Mandarin Learning Center
- Established: 1992
- Affiliation: Chinese Culture University
- Students: approx. 1000
- Location: Daan, Taipei, Taiwan
- Website: mlc.sce.pccu.edu.tw/default.aspx

= Mandarin Learning Center =

School of Taipei's Chinese Culture University

The Chinese Culture University Mandarin Learning Center (CCU MLC; 中國文化大學華語中心) is a sub-division of Chinese Culture University, the largest institute of continuing education in Taiwan. The MLC is one of several satellite campuses of Chinese Culture University, located in the Daan District of Taipei City, with an enrollment of over 1000 foreign students in its Mandarin training program every year.

==Background==
Founded in 1992, SCE’s Mandarin Learning Center has earned a reputation for being a top-notch Mandarin-offering institution. The Mandarin Learning Center of the Chinese Culture University offers practical Mandarin courses to international students, with new courses starting every month, allowing for flexibility in scheduling. Courses are constantly updated, and are designed by language professionals so as to create an active interest for beginner to advanced levels, from children to adult learners, to working professionals and those interested in seeking a career in Teaching Chinese as a second language (TCSL).

The Mandarin Learning Center is known primarily for its teachers, cheaper tuition fees, flexible class starting dates, and newer facilities.

==Location==
MLC is located at the corner of the Heping East Rd Sec 2 and Jianguo South Rd Sec 2 Intersection, running adjacent to Daan Forest Park.

==Transportation==
The Mandarin Learning Center is accessible via Guting MRT station (Green line), Taipower Building Station (Green line), or the Technology Building MRT station (Brown line), within an estimated 15–20 minutes walking distance.

By Bus: Numbers 15, 74, 235, 284, Heping Main Line - at the Andong Market stop

==Facilities==
A Digital Learning Center with computer lab, library, study area, movie viewing room, conferencing rooms located in B4 of the center, and a print and copy shop, and cafe on the first floor. Free WiFi is also available.

==Curriculum==
Courses are taught using both Zhuyin Fuhao and Hanyu Pinyin phonetic systems. Students may request a teacher with particular bilingual skills (Chinese-English, Chinese-Japanese, Chinese-Korean). Currently, 3 hours a day, 15 hours a week, Monday–Friday is the standard requisite for group classes in addition to an hour long weekly TOP (Test of Proficiency-Huayu) practice exam.

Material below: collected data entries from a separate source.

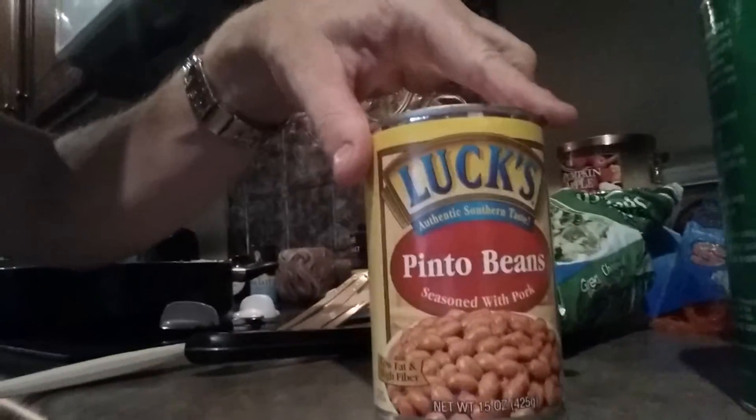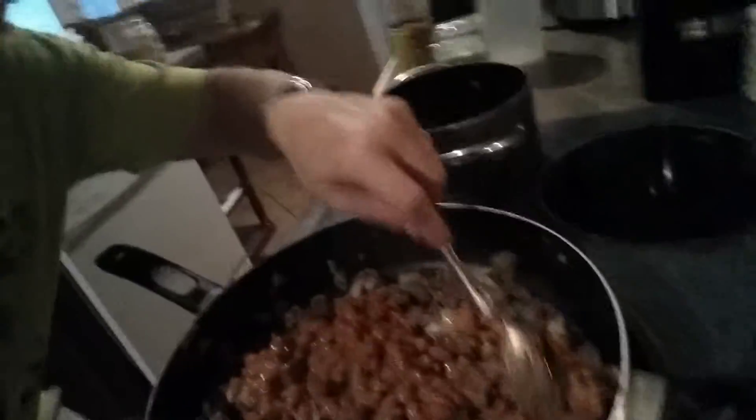Then I'm going to add my favorite Pinto bean — Lux Pinto bean. You can either strain and clean those off really good or just dump them right in. Lux comes with a real clean mix. The ingredient listing is good — basically it's pinto beans, a little salt, water, and some pork. It doesn't have any of the junk, no preservatives.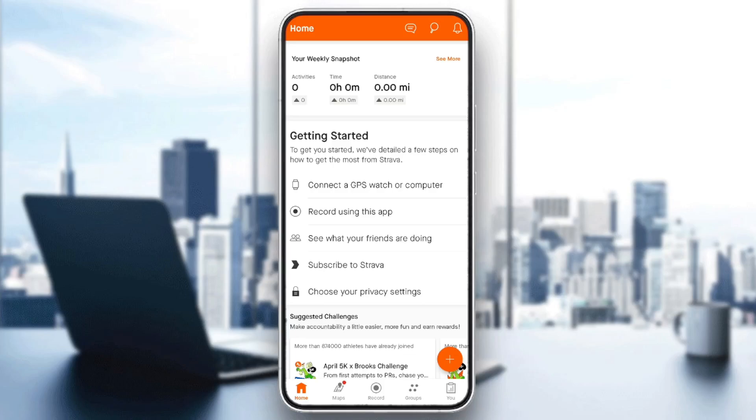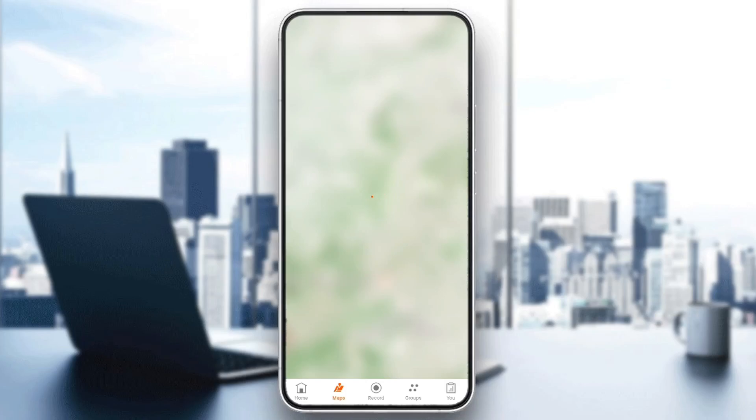As you can see, I'm right now in Strava on my phone, and this is how the homepage looks like. So right here in the bottom, you're going to find all of the sections. There is the Home section, Maps, Records, Groups, and lastly the You section.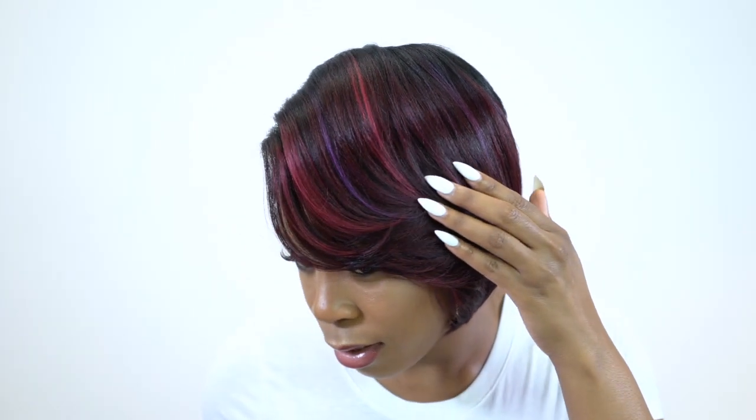Look at the color of this — it's really pretty. It has like burgundy, violet, it even looks like fuchsia mixed in there, and then you get your dark roots. It's really pretty, I really love this unit.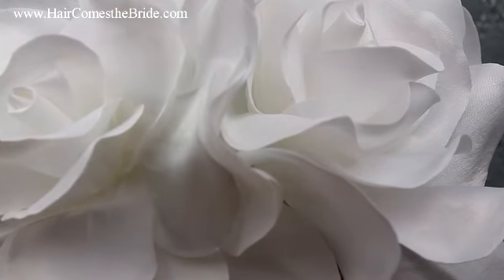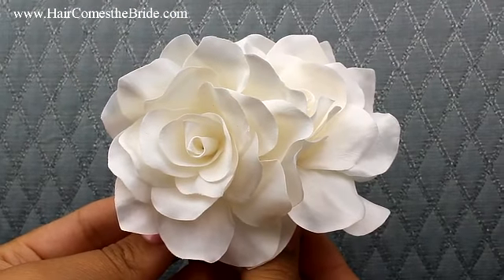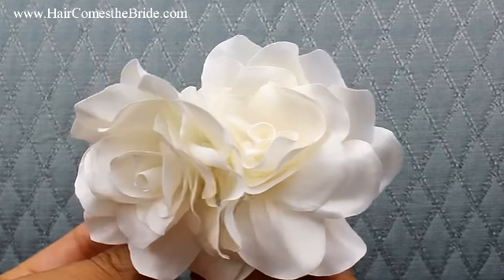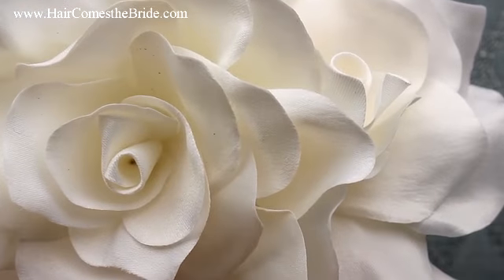Then it comes in this beautiful light ivory, which is going to be your best choice for your off-white or ivory dress. And then finally, it's not shown here, but it does also come in black, which is perfect for bridesmaids.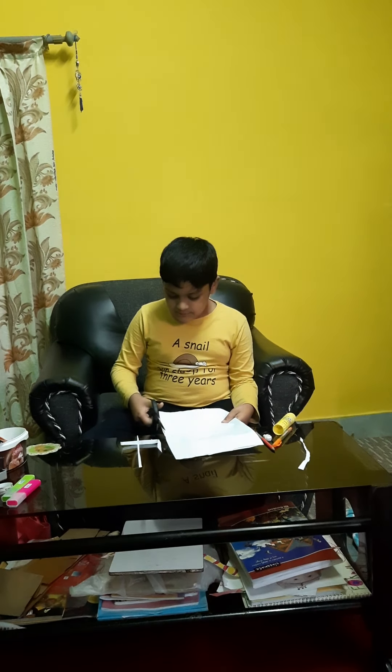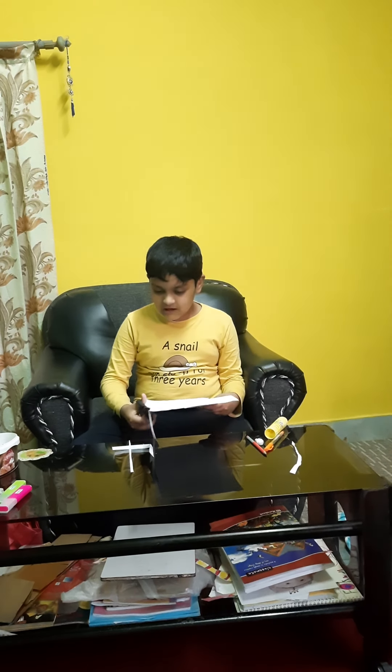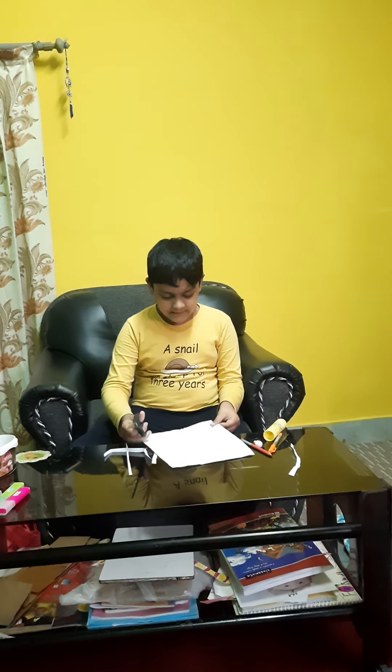If you don't have too much paper, you can always use cardboard. Then you don't need two pieces of paper.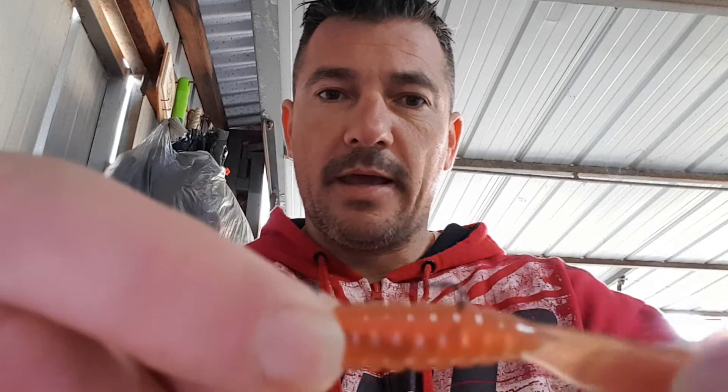It's got quite a good profile on the grub. We find the hookup rate to be very, very good. Also, with no glue — as you can see, I'm not holding the grub.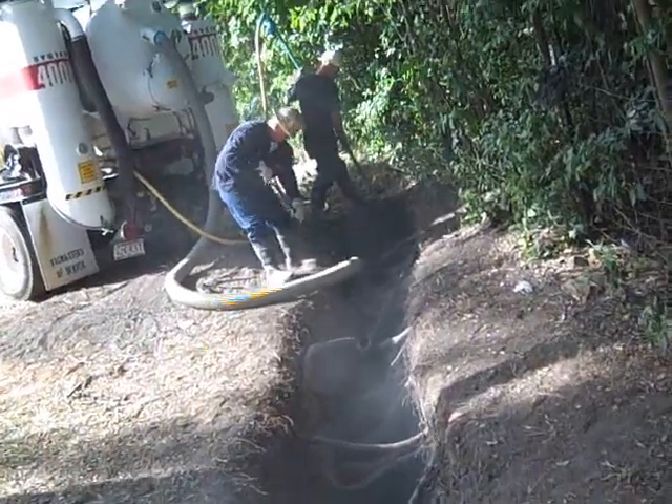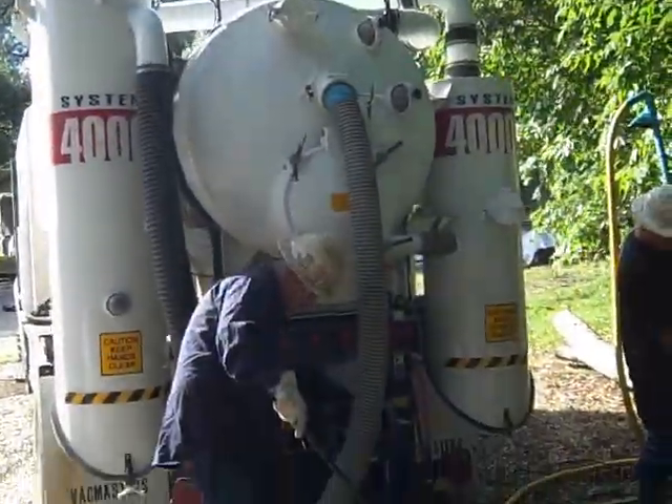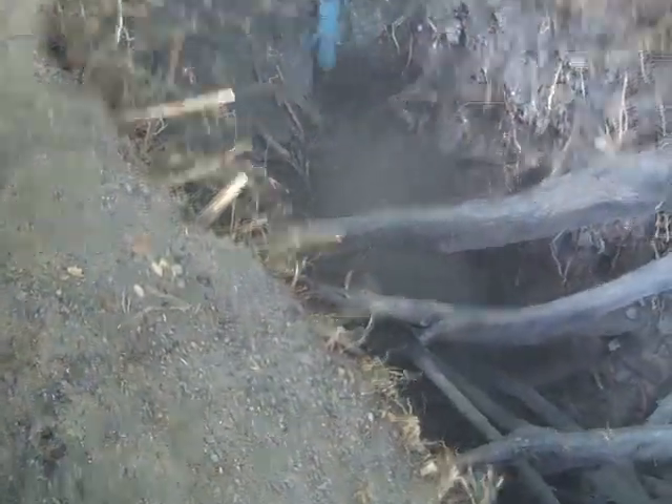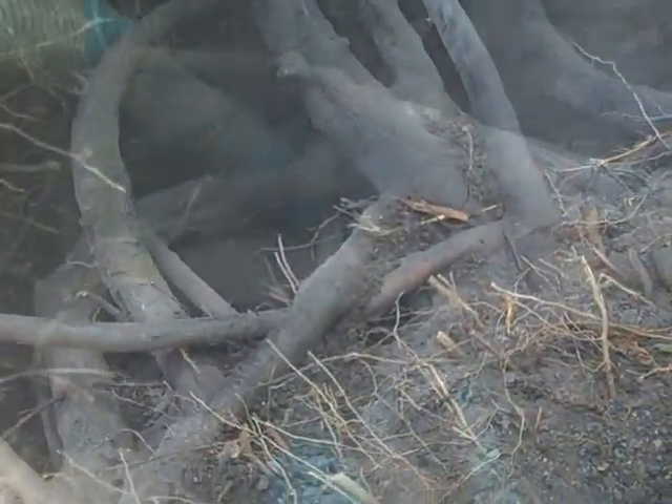Now here at T-Rex, we take a great deal of pride that we can do either air excavation or hydro excavation. We actually started this job using hydro excavation, and we were turning down our water pressure to 500 to 700 PSI, but what we found is we were just taking off a little bit of skin off those roots. The environmental folks were concerned about it, so they asked us to drop back and punt and we came back with our air trail.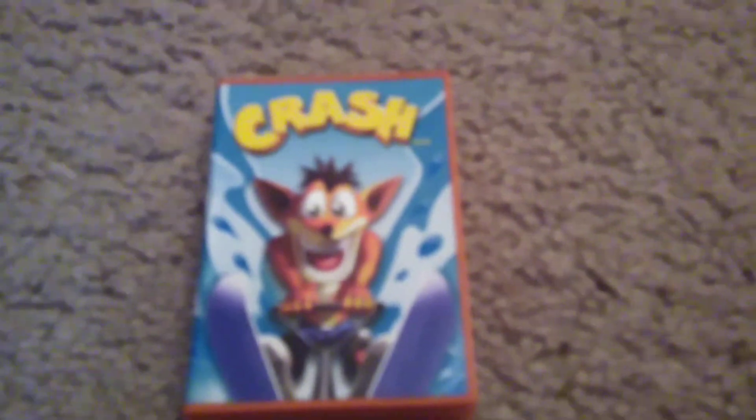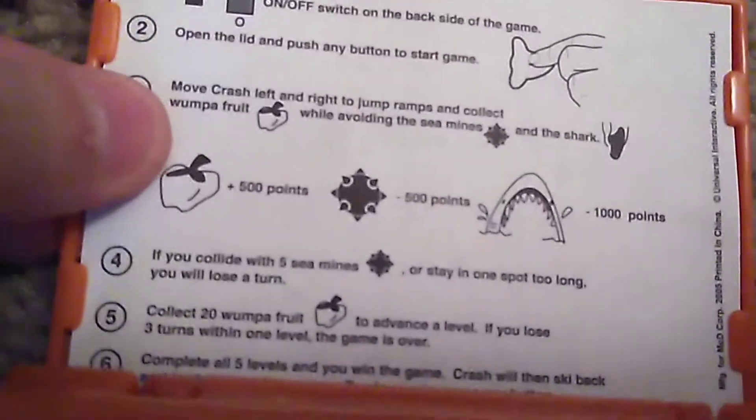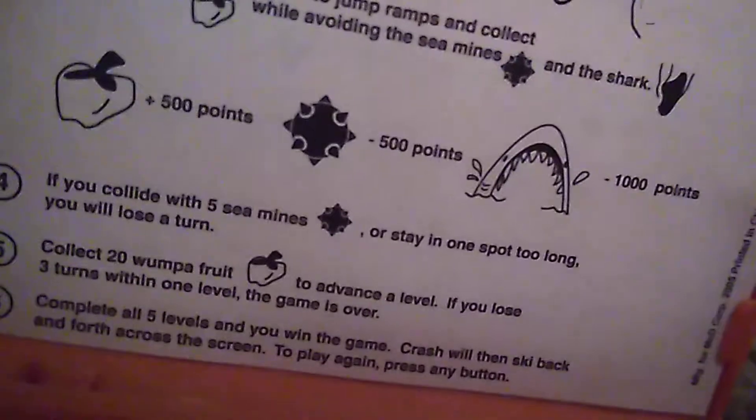Hey, what's going on everybody, it's me, Reviews by Jesus, and today I'll be reviewing this Crash Bandicoot toy from McDonald's 2005. As you can see here, we can open it up and these are the instructions. You can see this is from McDonald's, made in 2005.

Most recently MLC has also begun to expand its course curriculum by offering Taiwan's premier classes for HSK preparation (Hanyu Shuiping Kaoshi).

Both long-term and short-term study programs are available.

==Course Teaching Materials==
Regular classes have traditionally used the same textbooks as those used at National Taiwan Normal University's Mandarin Training Center. However, under new administration and direction, the Mandarin Learning Center has recently begun to offer a multitude of new courses covering such topics such as Chinese movies, Chinese songs, Travel, Hanyu Shuiping Kaoshi test preparation, etc.

==Scholarships==
Currently MLC does not offer its own scholarships to students. Previously, students could take a bi-annually held exam to qualify for a 6-month per month scholarship. However, students may still apply for government scholarships.

==Volunteer Services==
MLC offers an office volunteer service for its students. Students who are not comfortable communicating in Chinese may come to the office to speak directly with a volunteer in their own language. Support is available for English, Japanese, Korean, and Vietnamese.